# Brody will be coming home soon



## Mouvelous (May 31, 2012)

after a very long wait (since he was 3 weeks old) for my new chi Brody will be coming home this weekend and i thought id share pictures of him. Im very anxious to bring him home.


----------



## KrystalLeigh (Aug 17, 2011)

So exciting! Can't wait to see what he looks like when he grows up.


----------



## Chihuahuasloveme (Jan 8, 2010)

Congrats Merle's are my fave


----------



## momofmany (Apr 23, 2012)

Merel's are my favorite too and Brody is absolutely the cutest little baby. How old is he?


----------



## hershey109 (Jan 11, 2011)

He's cute!! Love the color! Congratulations!!


----------



## pupluv168 (Mar 7, 2012)

He's precious!


----------



## LBChi (Mar 12, 2012)

I love his blue eyes! and that pic of them in the basket is just too cute! Oh man I want a little one so bad...


----------



## Huly (Mar 5, 2012)

Very Cute! Love the coloring!


----------



## Brodysmom (Jan 8, 2009)

I have a Brody too!!! Exciting times for you! Congrats, he is a cutie!


----------



## LittleGemma (Apr 1, 2012)

Oh my, he's gorgeous! Congratulations!


----------



## missydawn (May 29, 2012)

To cute!!!


----------



## Mouvelous (May 31, 2012)

he is 7 weeks in the picture i get him at 8 weeks. Thanks so much. I am sooo excited to get him. I have been looking for a chi like him for awhile that was in my area. I know everyone loves puppy pictures. I will be posting more pictures of him as he is growing.


----------



## Wodjeka (Mar 29, 2012)

beautifull color!


----------



## mooberry (Jan 31, 2011)

Merle Madness <3<3 Just like my Bijoux <3 I wish you years of happiness


----------



## elizabethsmum (Apr 16, 2012)

Very cute you little merle looks exactly like my little Phoenix!


----------



## carrieandcricket (Dec 6, 2011)

He is so so so cute! I want him too! He has pretty colors, and pretty eyes!


----------



## Mouvelous (May 31, 2012)

awww. merles are my favorite coloring. phenoix looks like a triple cholocate chip cookie lol


----------



## lulu'smom (Jan 4, 2012)

He is a handsome little fella! Can't wait for more pics.


----------



## fayzoe (Oct 22, 2011)

Awww what a cute boy you have. Hope you have lots of fun with him.


----------



## elizabethsmum (Apr 16, 2012)

Thank you x He is a little peanut!


----------



## Jennmay (Dec 31, 2011)

Adorable basket pic is just to cute!


----------



## briarrose (Jun 1, 2012)

He is adorable.
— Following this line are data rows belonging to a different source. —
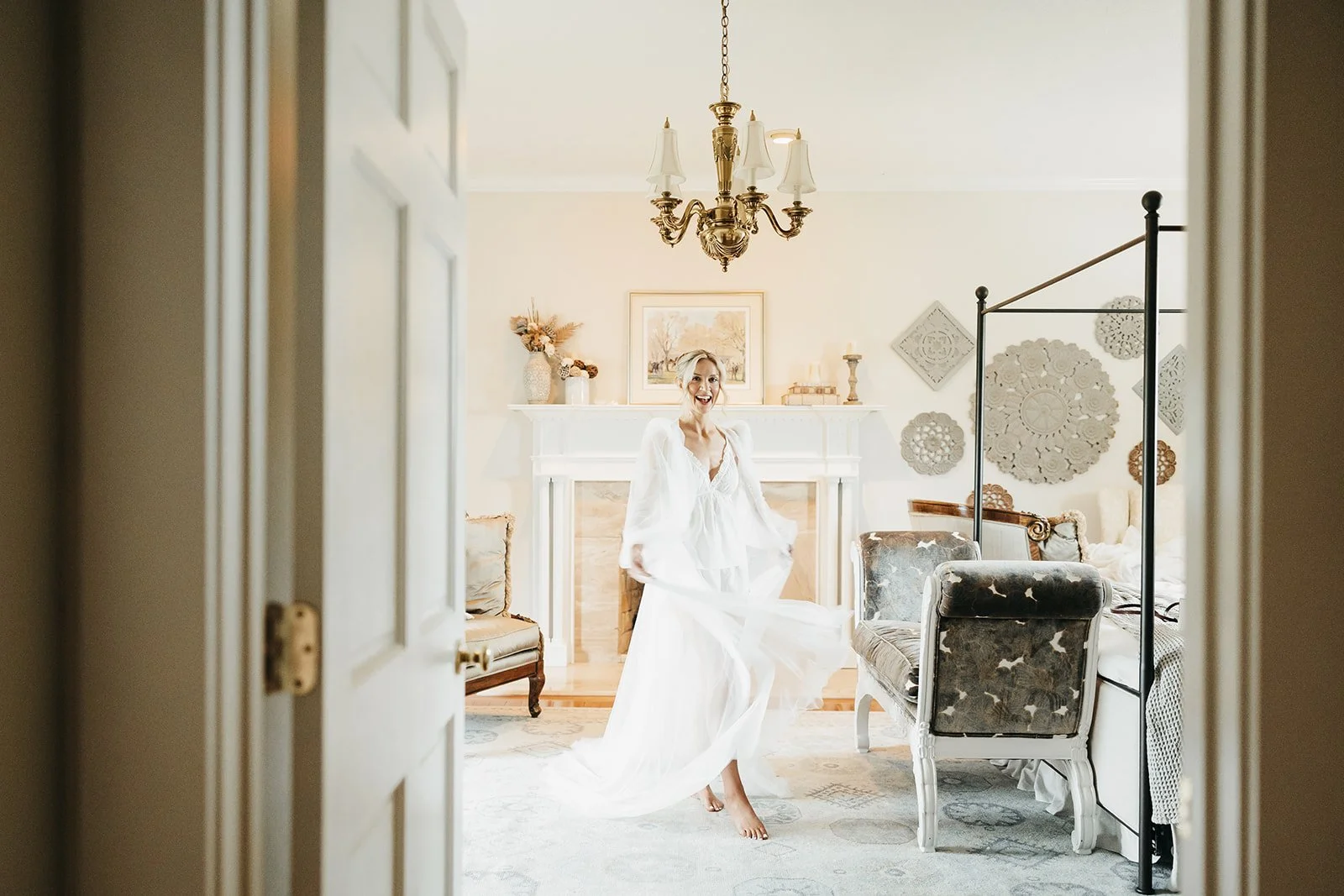 Bride getting ready in Frankfort, Kentucky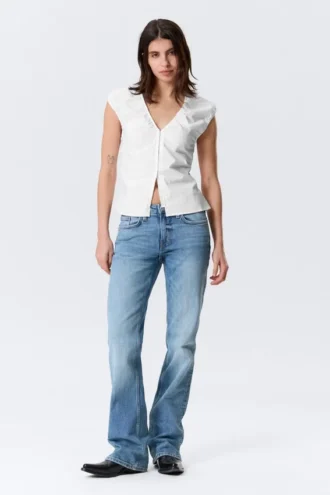 Sleeveless V-Neck Cotton Top – White
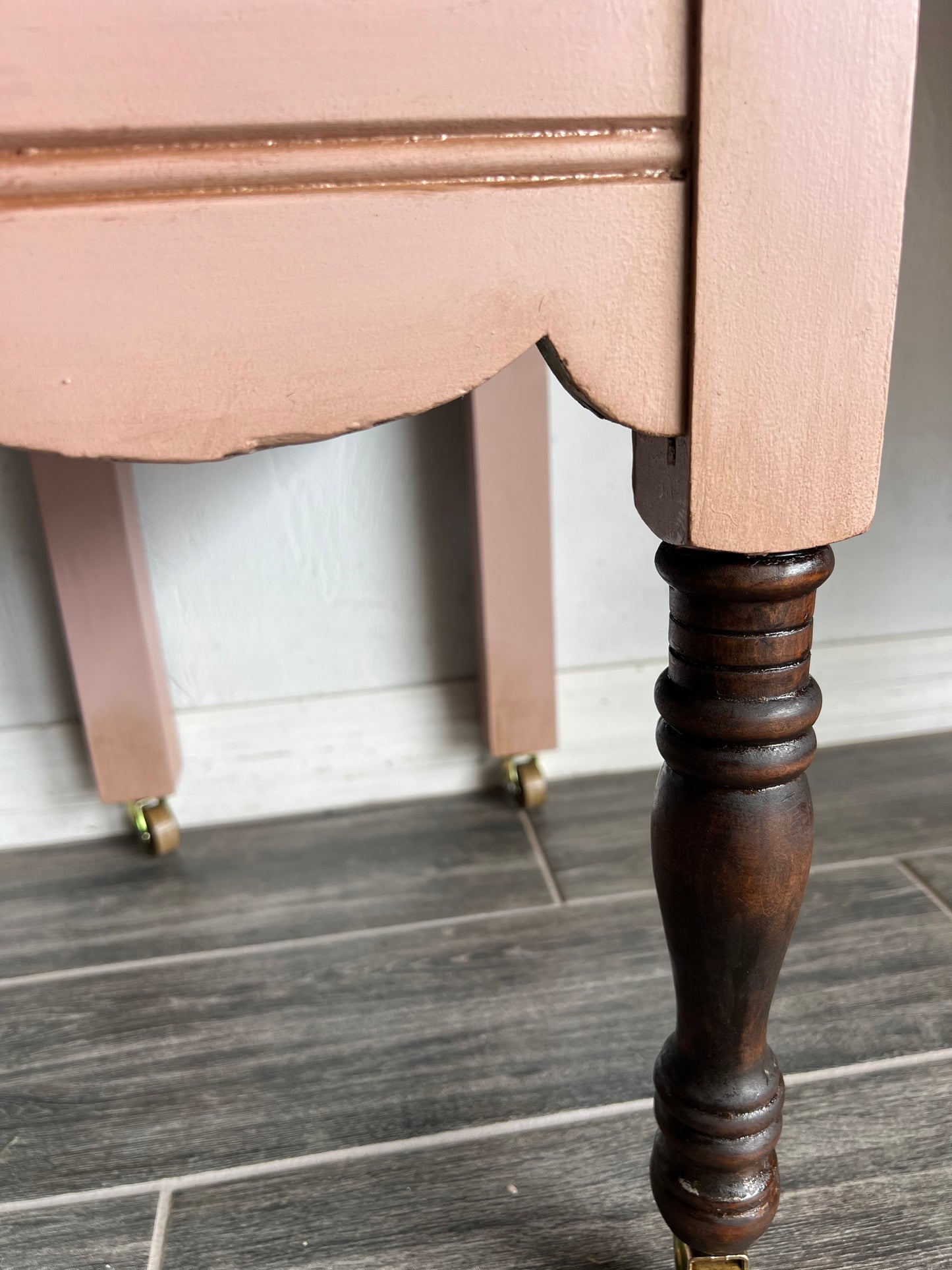 Vintage Hand painted Dusty Pink Small Desk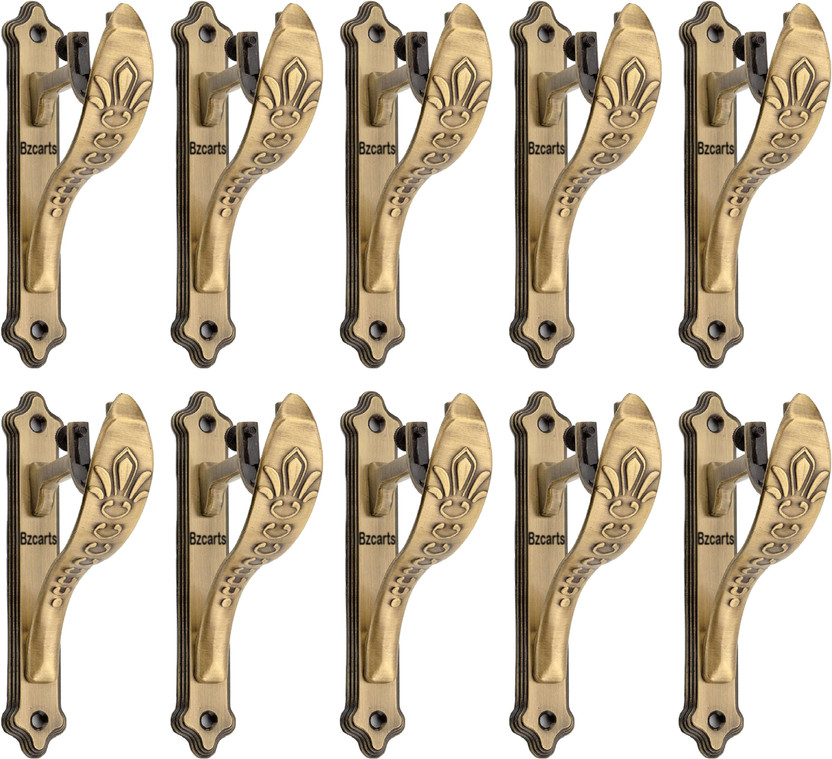 Bzcarts Gold Curtain Knobs, Rod Rail Bracket, Curtain Rods, Tieback Hook Metal(Pack of 10)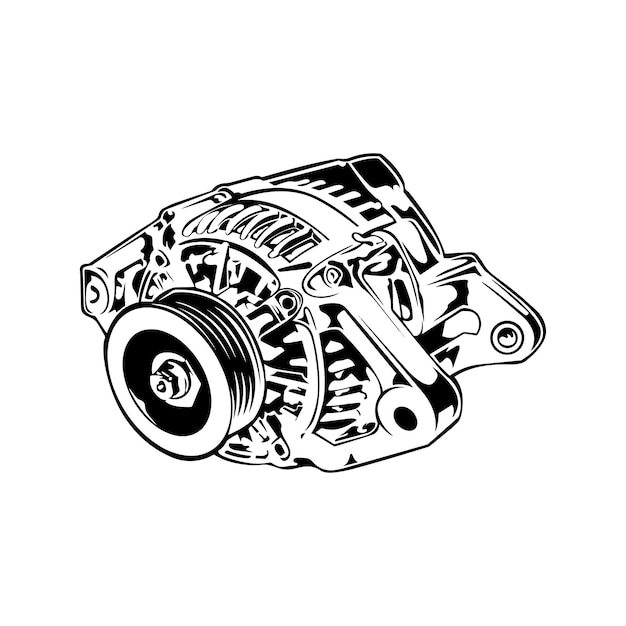 Illustrator stock vector Alternator black and white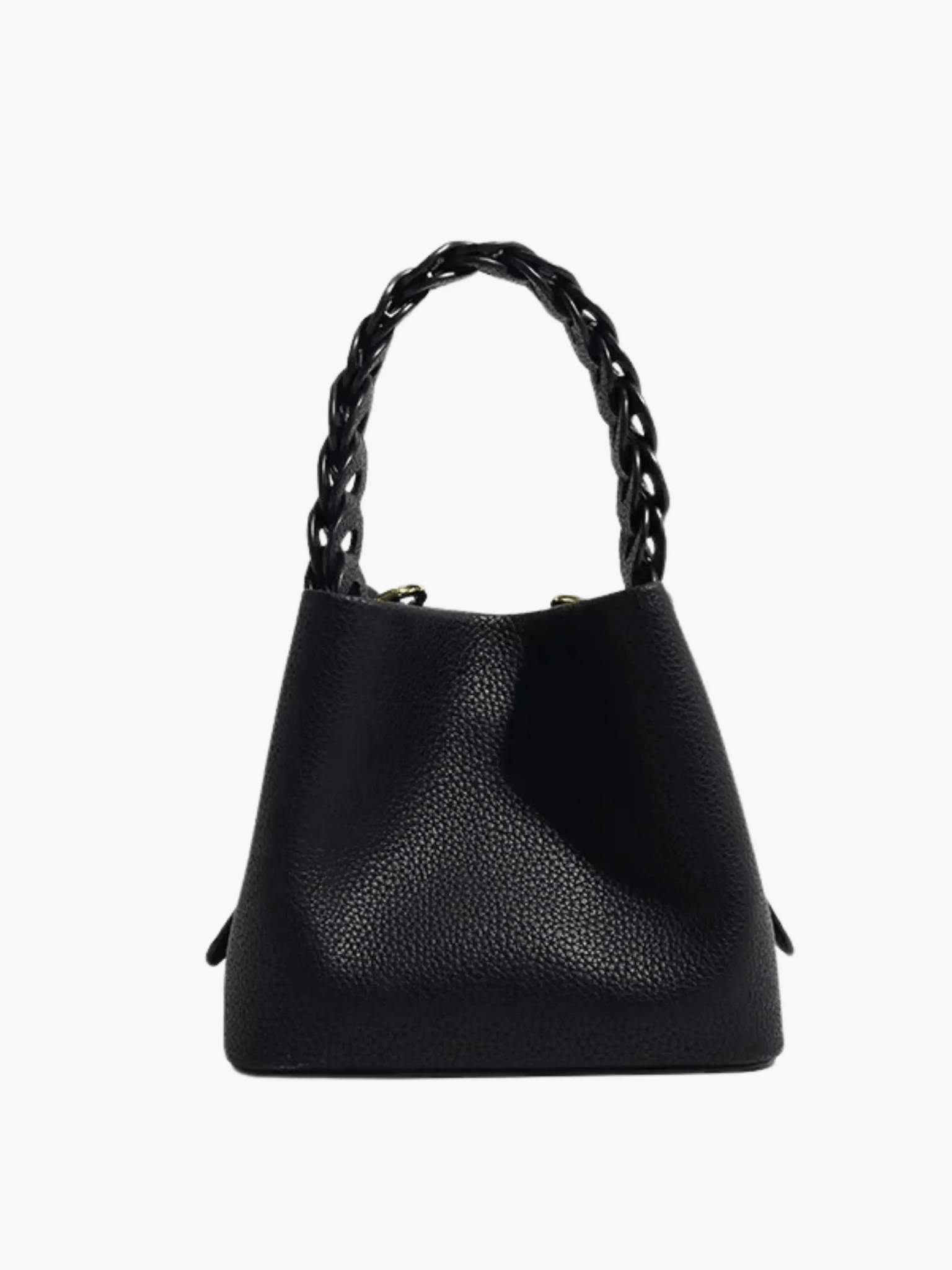 Elara | Blush Pink Braided Handle Tote – Chic & Timeless - in Black | Arvea Bags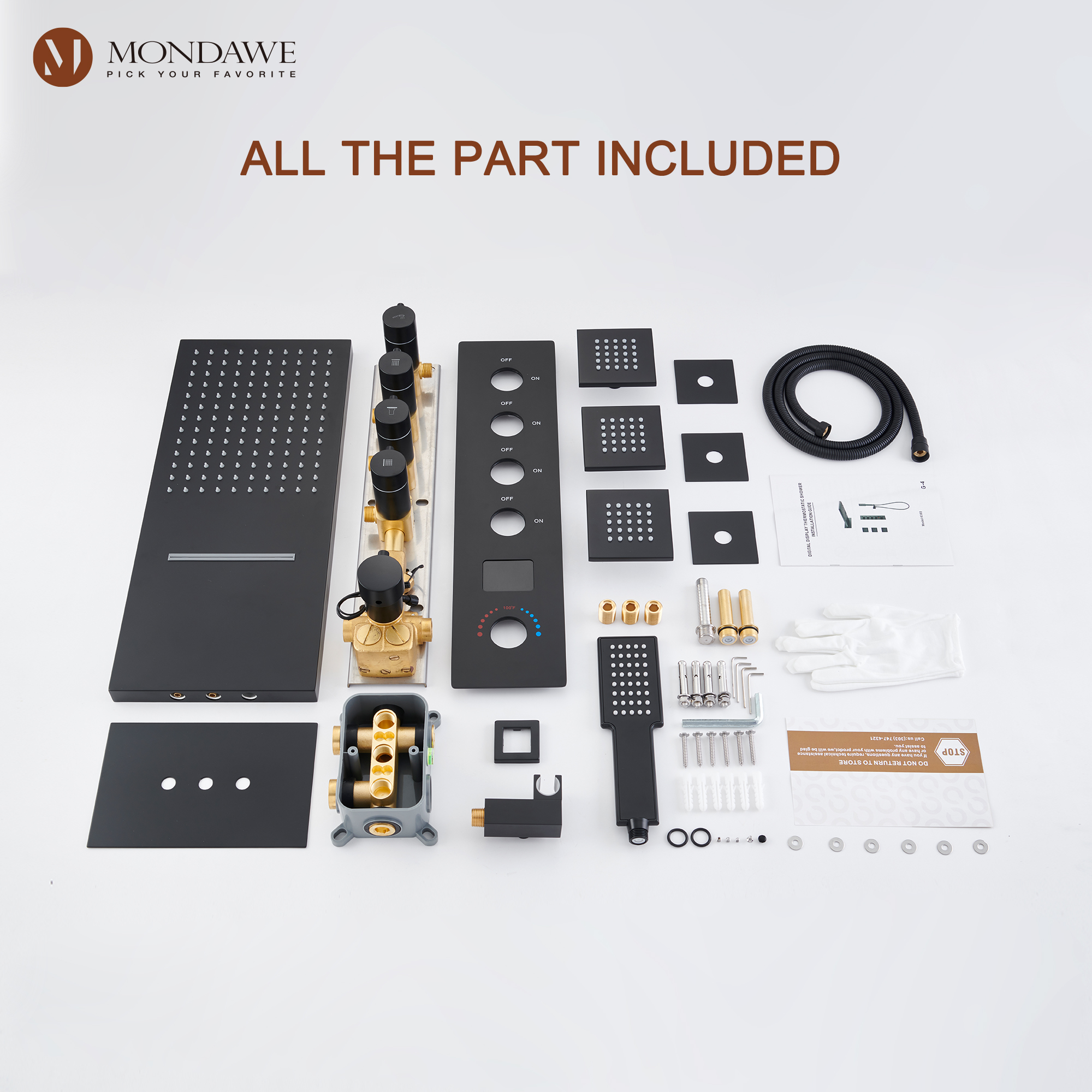 MB-Mondawe Luxury Rain Dual Shower Heads Wall Mounted 22 in. with Digital Temperature Display 4 Spray Patterns Thermostatic and 3 Body Jets-Mondawe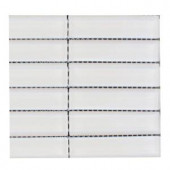 Splashback Tile Contempo Bright White Polished Glass Mosaic Floor and Wall Tile - 3 in. x 6 in. x 8 mm Tile Sample-L6C9 203218038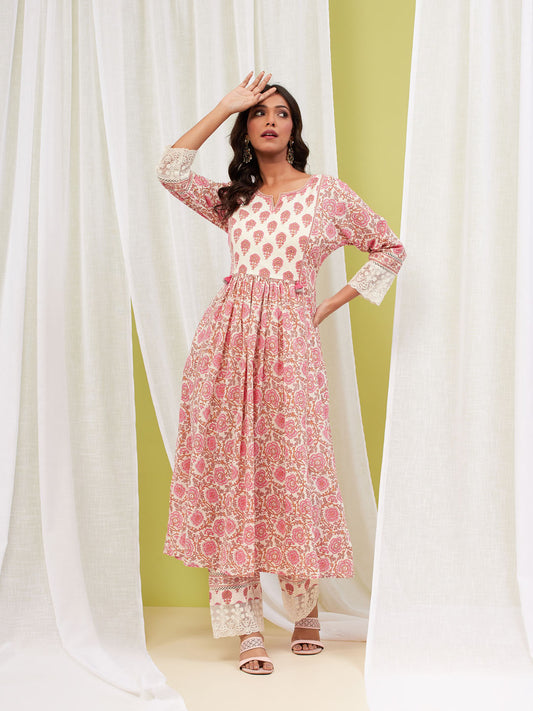 Floral Printed Cotton Anarkali Kurta With Pants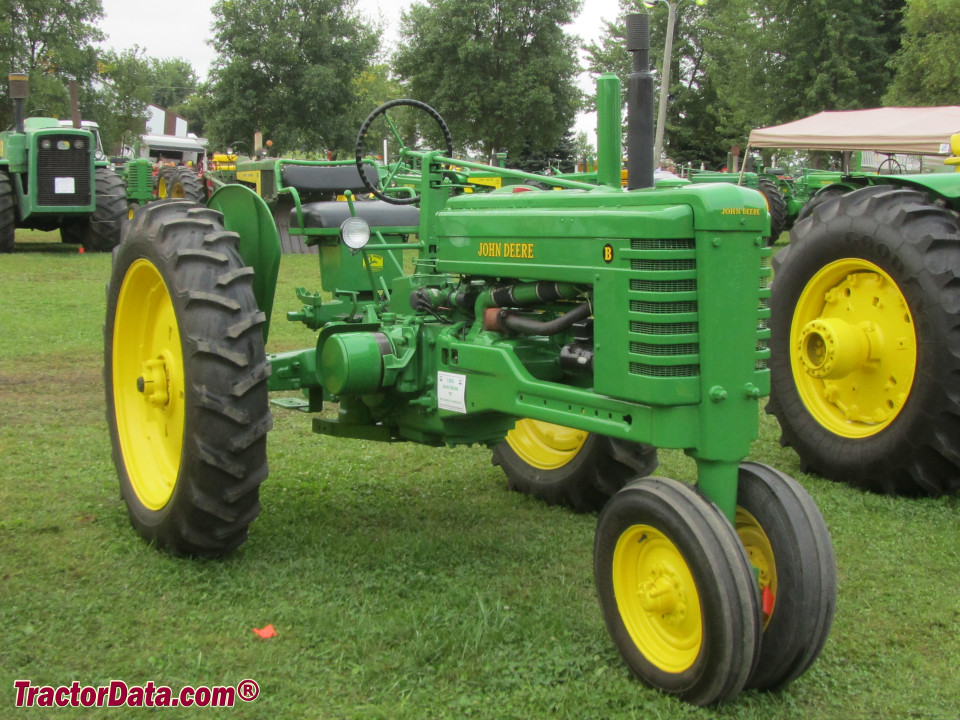 Late-styled John Deere model B tractor.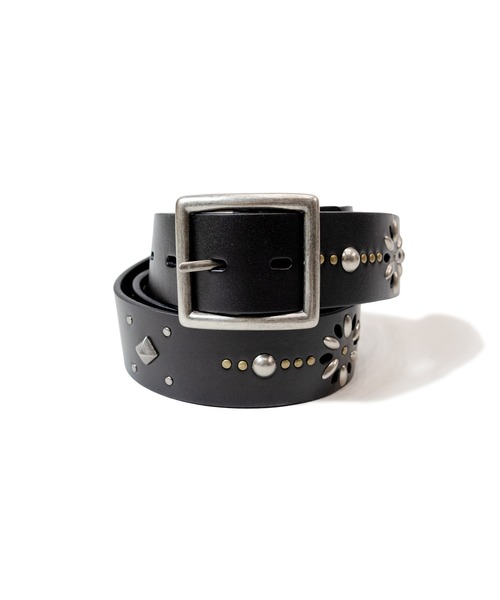 JACKROSE(ジャックローズ)の「TACHIYA 40mm フラワースタッズギャリソンベルト(ベルト・メンズ・ブラック/ダークブラウン・FREE)」の1枚目の写真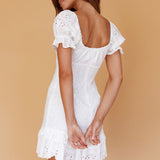 Michal Tied Bust Eyelet Mini Dress White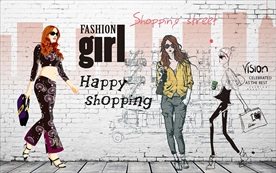 时尚美女购物装饰画背景墙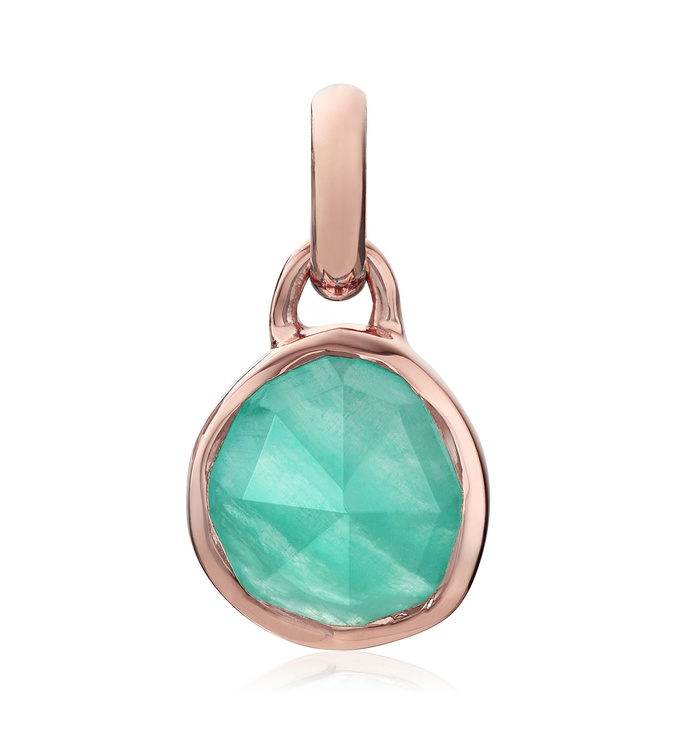 Rose Gold Vermeil Siren Mini Bezel Pendant Charm - Amazonite - Monica Vinader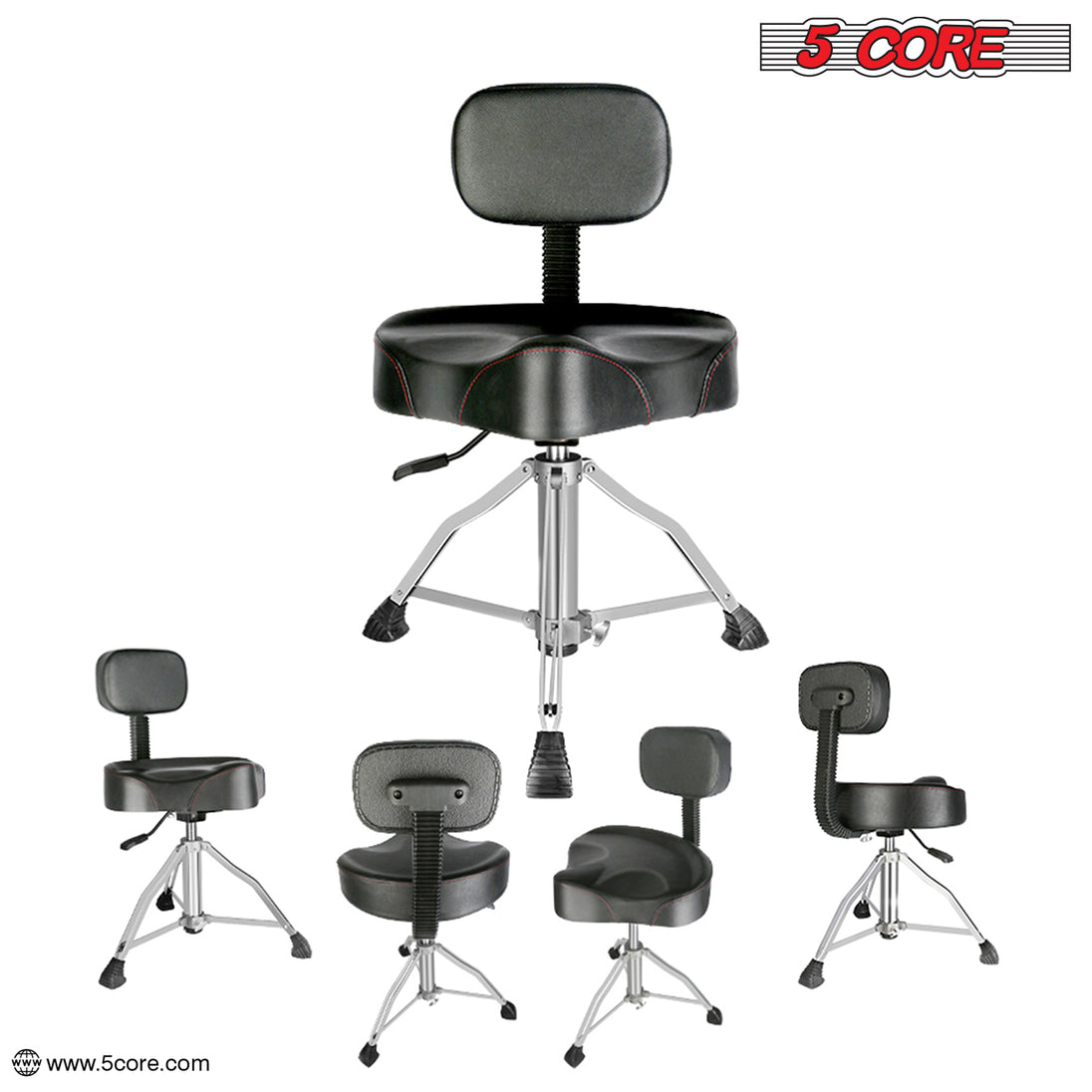 5Core Drum Throne Padded Guitar Stool Backrest Drummer Seat for Adults And Kids BLACK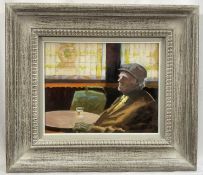 John Francis Skelton (b. 1954) oil on board - 'A rest from shopping', signed, 20cm x 25cm, behind gl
I love his coloring.


----------



## Mouvelous (May 31, 2012)

I went and picked up Brody today. I can't believe how adorable and tiny he is. Chloe is trying soo hard to get him to play but he isnt having it, he wants to sleep. I cant wait to see wait to see what he looks like grown.:love5::love5::love5:


----------



## carrieandcricket (Dec 6, 2011)

You are so lucky! He is so little so you get to see everything with him! How wonderful for you and your family. I'm very happy for y'all!


----------



## Chi Nation (Mar 7, 2012)

Handsome little boy! I really like merles too.


----------



## pigeonsheep (Nov 8, 2008)

oh my! i love his coloring  cant wait to see more pics!


----------



## vera94 (Jun 18, 2012)

thats soo exciting. congrads. i am going to be getting a little boy chi to. he is 3weeks now and will be coming home at the end of next month and i just cant wait


----------



## missydawn (May 29, 2012)

very cute ! Excited for you!


----------



## LostLakeLua (Sep 6, 2009)

I'm a huge merle fan too; congratulations!! You must be so psyched; I know I would be. Can't wait to watch Brody grow up!!


----------



## Finn (Sep 14, 2010)

A very cute little muffin!


----------



## Wuviegrl (Jun 6, 2012)

He's soooo adorable. Love his color!


----------



## elaina (Jul 1, 2008)

aww, i love his coloring too!!!


----------